Caption Contest
Time for The Monday OTB Caption ContestTM
I was tempted to use the Randy Moss moon picture, but . . .
REUTERS/Ben Gurr/The Times/Pool
Winners will be announced Thursday PM
Time for The Monday OTB Caption ContestTM
I was tempted to use the Randy Moss moon picture, but . . .
Winners will be announced Thursday PM
Now, Mr. Guard, I’ll show you something I like to call the 69th position. I bet that will get a rise out of you…
Guard is thinking, “Now I know how the Nazi’s felt when they were visited by southern women at the American prisoner camps.”
So your a Beefeater too huh? Too bad, we could of had fun.

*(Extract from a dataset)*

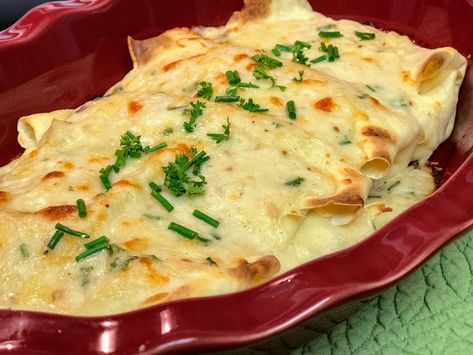 Shrimp Crepes Recipe, Salmon Crepes Recipes, Shrimp Crepes, Seafood Crepes Recipe, Crepe Ideas, Seafood Crepes, Salmon Crepes, Dinner Crepes, Crepe Recipe Savory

There’s nothing sexier than a ballerina with a festering corn on her foot, is there, Mr. Guard?
“And after my arabesque, I’ll bend over like so and you very slowly perform a tondue. Ready?
En garde.”
“Oooh … is that a bayonet on your assault rifle or are you just happy to see me?”
“What a coincidence, Miss. You have a lot of starch in your skirt, and I have a lot of starch up my…”
Following long-standing procedure, Corporal Eddington (right) refused to be relieved from his post when he realized that Sergeant Chesterfield (left) had reported for duty out of uniform again.
J.
“OK, guardsman, a deal is a deal : you’ve bared your bearskin, now I’ll lend you my leotard….”
Everyone around here is so stiff!
Kinda neat how I manage to do this without a subway vent, huh?
A`sure sign that U.K. defence spending cuts are serious – at the changing of the guard at Buckingham Palace today a soldier of the Grenadier Guards is replaced by a masseuse from 1st Btn. The Prince of Wales Own Organic Wafer Biscuits.
“My dad plays the bagpipes. It’s traditional to not wear underpants underneath the kilt. I’m starting a new ballet tradition. So, soldier, any traditions in your family?”
After realizing the ballerina was turned ever so slightly too far the wrong way, Major Stifas Abored, thought to himself, “Sometimes, I really hate my job”.
Attempt #2:
“I think this ‘don’t ask don’t tell’ thing is working well, don’t you?”
Attempting to emulate her hero, magician David Copperfield, Karen the “Human Sawmill” attempts to bisect her first Beefeater.
If I relevai, will you do a grand jete?
Do you like it fouette?
It was indeed their differing perspectives of career development that led to the split between Brad and Jennifer.
Impersonating the Queen of England with an impressive royal gown and tierra, Margaret Stiffwit of Cornwall, was within inches of fooling palace guards until she was halted by a severe toe cramp.
Does this outfit make my rear look fat?
I don’t need a nutcracker. I’ll show you how I crack nuts!